Suppose *Adventure Works Cycles* is a business that rents cycles in a city, and its owners want to leverage historic data to train a model that predicts daily rental demand so they can ensure that sufficient staff and cycles are available.

The demand would be measured in terms of the number of rentals for a given day (this is our *y* value, or *label*).

The factors that affect demand might include things like:

 - What day of the week it is
 - The season of the year
 - The temperature
 - The level of rainfall
 - The humidity level
 - windspeed

These are our *x* values, or *features*.

So what we're looking for is a function (*f*) that performs some kind of calculation based on the various seasonal and weather features on a given day (*x*) that produces a label that indicates the likely number of rentals that day (*y*) as a result.

The specific operation that the ***f*** function performs on *x* to calculate *y* depends on the type of machine learning model you are trying to create. This kind of machine learning, where the label you're trying to predict is a numeric value (in this case, the number of rentals), is called *regression*.

## Azure Machine Learning

Data scientists expend a lot of effort exploring and pre-processing data, and trying various types of model-training algorithm to produce accurate models, which is time consuming, and often makes inefficient use of expensive compute hardware.

Azure Machine Learning is a cloud-based platform for building and operating machine learning solutions in Azure. It includes capabilities that help data scientists prepare data, train models, publish predictive services, and monitor their usage.

Most importantly, it helps data scientists increase their efficiency by automating many of the time-consuming tasks associated with training models; and it enables them to use cloud-based compute resources that scale effectively to handle large volumes of data while incurring costs only when actually used.

## Create an Azure Machine Learning Workspace

To use Azure Machine Learning, you create a *workspace* in your Azure subscription. You can then use this workspace to manage data, compute resources, code, models, and other artefacts related to your machine learning workloads.

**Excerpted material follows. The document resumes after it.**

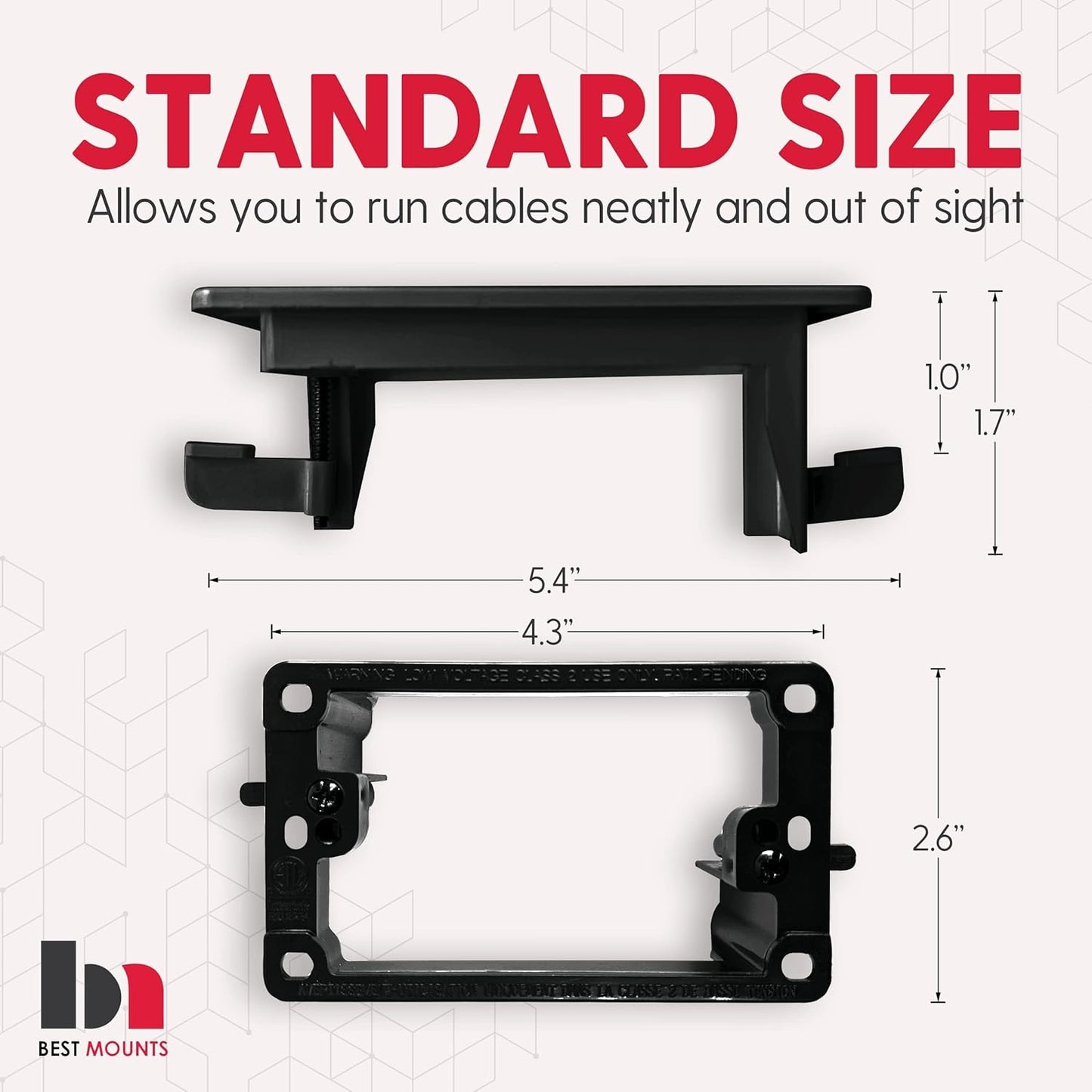 BestMounts - 1 Pack In Wall Cable Management 1-Gang Screw Less Low Voltage Cable Plate with Mounting Bracket ETL Listed (Outer Nose)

Follow these steps to create a workspace:

1. Sign into the [Azure portal](https://portal.azure.com) using your Microsoft credentials.
2. Click the **&#65291;Create a resource** button, search for *Machine Learning*, and create a new **Machine Learning** resource the following settings:
    - **Workspace Name**: *A unique name of your choice*
    - **Subscription**: *Your Azure subscription*
    - **Resource group**: *Create a new resource group with a unique name*
    - **Location**: *Choose any available location*
    - **Workspace edition**: Enterprise
3. Wait for your workspace to be created. Then go to it in the portal.

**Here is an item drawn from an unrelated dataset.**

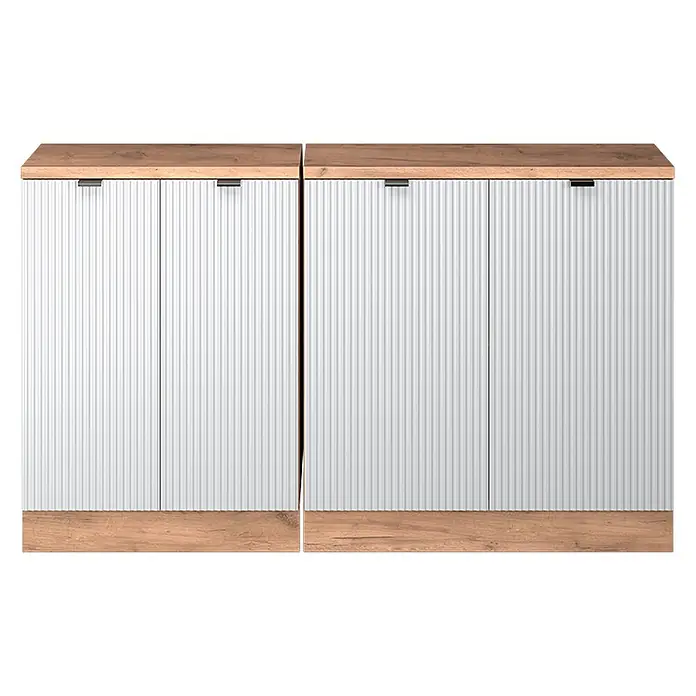 Küchenschrank für Dachschrägen R-Line 140 cm Weiß Riffel Art.-Nr. 60650 -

## Create Azure Machine Learning Resources

Now that you have an Azure Machine Learning workspace, you can use it to manage the various assets and resources you need to create machine learning solutions. At its core, Azure Machine Learning is a platform for training and managing machine learning models, for which you need two fundamental things: data from which to train the models, and compute on which to run the training process. You'll manage both of these for the cycle rental prediction model using the Azure Machine Learning *studio* web interface.

> **Important**: You are going to create some compute resources in your workspace that will run in the background as you complete the lab. If you decide not to complete the lab, make sure you perform the **Reset Resources** exercise at the end of this notebook to avoid leaving your compute running and incurring unnecessary charges to your Azure subscription. 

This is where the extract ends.